Die Sonne hätte sich öfter blicken lassen können, dennoch sind die Mitglieder des Fördervereins auch finanziell mit der Badesaison zufrieden. Vossenack. Die Bilanz des ersten Jahres liegt vor: Rund 1300 Arbeitsstunden haben die Mitglieder des Fördervereins in der vergangenen Badesaison in den Betrieb und die Unterhaltung des Vossenacker Freibades gesteckt. Etwa die Hälfte aller Aufsichtsstunden am Beckenrand wurde von Vereinsmitgliedern übernommen. Um Frühjahrsputz und Endreinigung vor der Winterpause und um die Grünpflege kümmerten sich ebenfalls die Ehrenamtler, die vom Bauhof der Gemeinde unterstützt wurden. Unter dem Strich sanken die Betriebskosten von 166 000 Euro im Jahr 2013 auf voraussichtlich 116 000 Euro. Das genaue Ergebnis steht noch aus. Der Verein hatte sich im Januar gegründet, um die Schließung des Freibades zu verhindern. Die Gemeinde sah sich außerstande, weiter Summen in Höhe von rund 100 000 Euro pro Jahr in den Betrieb zu investieren. Der Förderverein übernahm testweise die Bad-Aufsicht – und würde gerne auch in Zukunft am Fortbestand der Einrichtung mitarbeiten. Ziel der Gemeinde ist es, die Zuschüsse Schritt für Schritt zurückfahren zu können.

Die Politik hatte zuletzt 50 000 Euro als jährlichen Zuschuss in Aussicht gestellt. „Mit 105 Tagen hatten wir dieses Jahr eine sehr kurze Badesaison“, bilanziert Wolfgang Menningen. Dennoch kamen rund 4000 Besucher, die 21 500 Euro Eintrittsgelder zahlten. Der Zuschussbedarf wäre bei mehr Sonnenschein vermutlich weiter gesunken, mutmaßt Menningen. Die mittlerweile 120 Mitglieder sehen sich bestärkt, dass das Bad eine Zukunft hat. Der Kommunalpolitik hat der Förderverein eine Liste mit möglichen Investitionen vorgelegt, mit denen nach Schätzungen eines Gutachters mittel- und langfristig zum Teil deutliche Einsparungen bei den Betriebskosten erzielt werden könnten. Der Austausch der Wasserpumpen koste beispielsweise 7000 Euro, spare aber pro Jahr 4500 bis 5000 Euro Energiekosten ein. Ein Austausch der Filteranlage koste 10 000 Euro, spare die gleiche Summer aber schon im ersten Betriebsjahr wieder ein.

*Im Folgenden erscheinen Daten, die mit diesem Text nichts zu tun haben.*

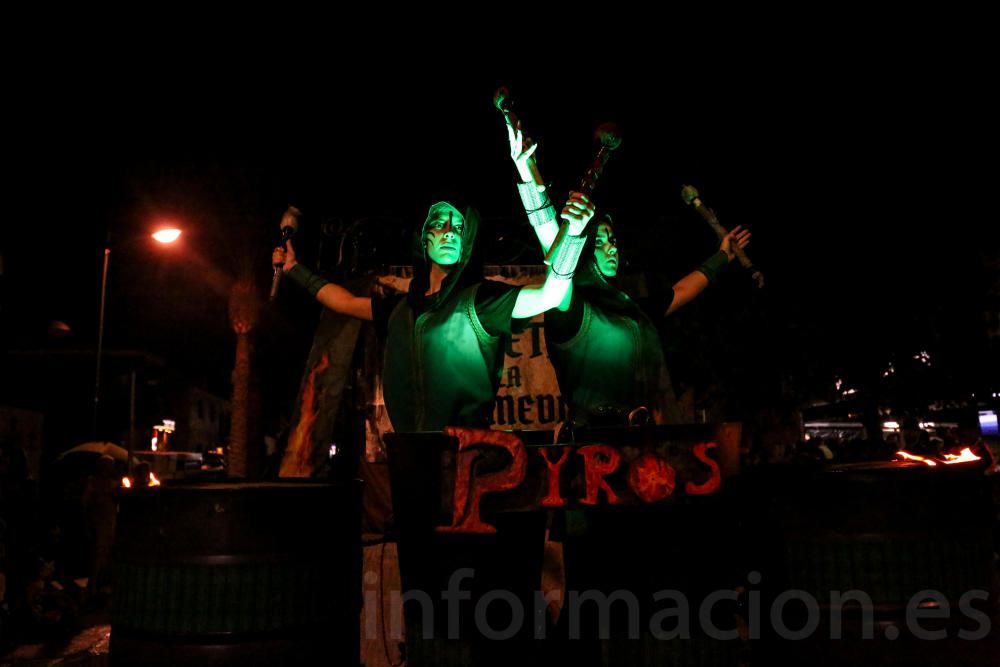 El municipio celebró su llamativa Gran Cabalgata de Disfraces dentro de los actos de las Fiestas de Agosto en honor a la Virgen de la Asunción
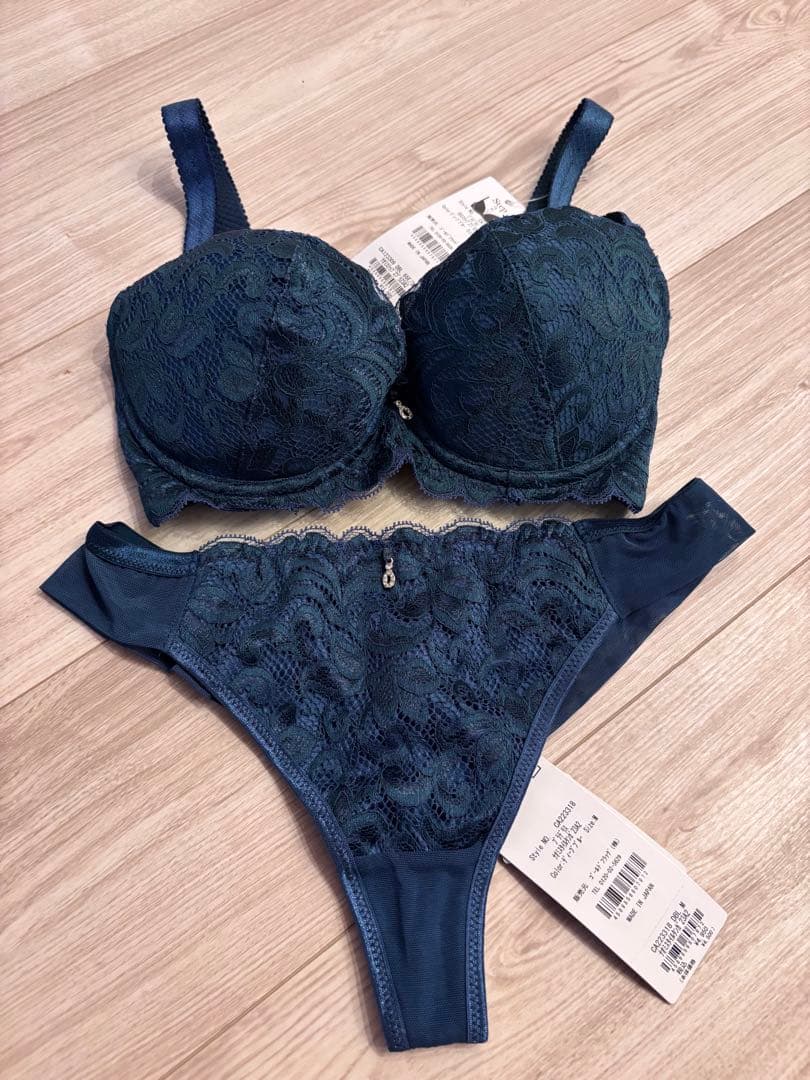 ブラデリスニューヨーク　E65 M ブラジャー　ショーツタンガ　セット　ナオミ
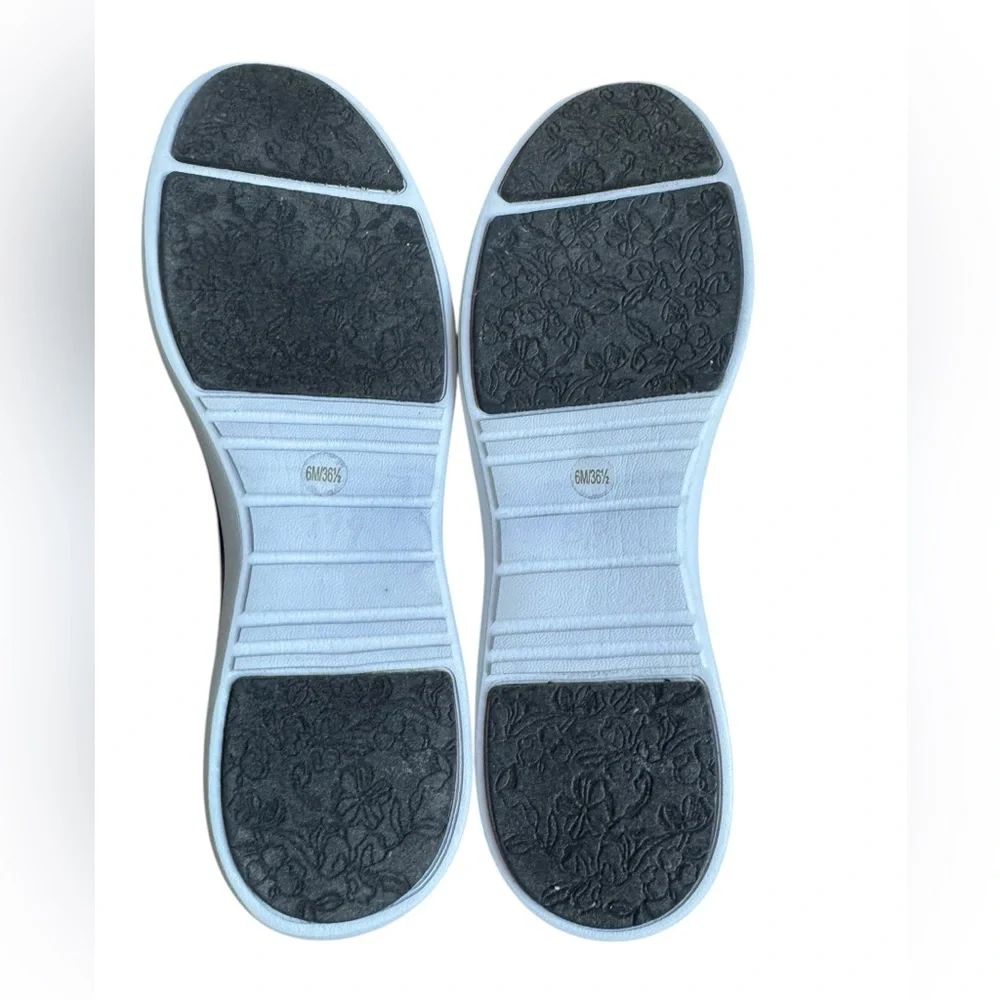 AUBREY LYNN AMELINA SLIP-ON SNEAKER size 6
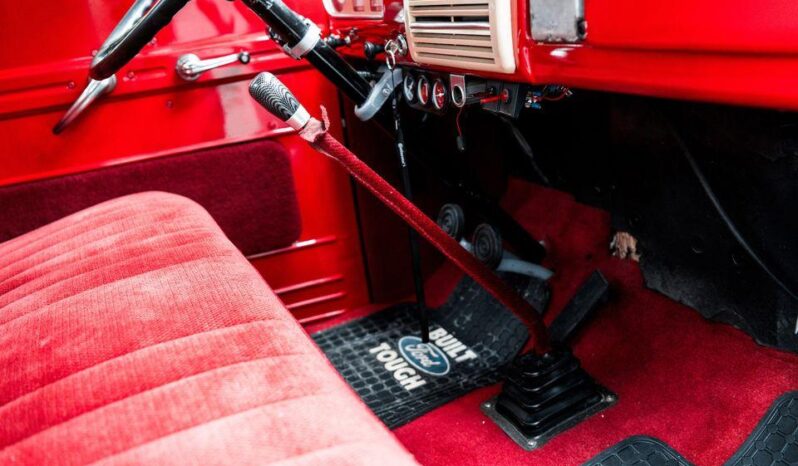 
								1948 Ford F3 PickUp plné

Eine Investition von knapp 80 000 Euro wäre das Abdichten des Schwimmbeckens mit einer Gewebefolie. Aufgrund regelmäßiger Messungen wurde festgestellt, dass etwa 2000 Kubikmeter Wasser in der Saison versickert sind. Eine Abdichtung des Beckens mit einer Folie erspare auch den jährlichen Anstrich, der bis zu 5000 Euro Materialkosten verursacht. Ein Arbeitskreis aus Politikern, Verwaltung und Vereinsmitgliedern tagt heute Abend zum ersten Mal, um über die weiteren Planungen, den zukünftigen Betriebskostenzuschuss und Investitionen zu beraten. Die Agenda des Fördervereins steht bereits. 2015 möchten die Mitglieder einen Schwerpunkt auf die Ausbildung des ehrenamtlichen Aufsichtspersonals legen und den Freibad-Kiosk attraktiver gestalten. Flexiblere Öffnungszeiten und eine Werbeoffensive zu Saisonbeginn sind weitere Ziele. (sj)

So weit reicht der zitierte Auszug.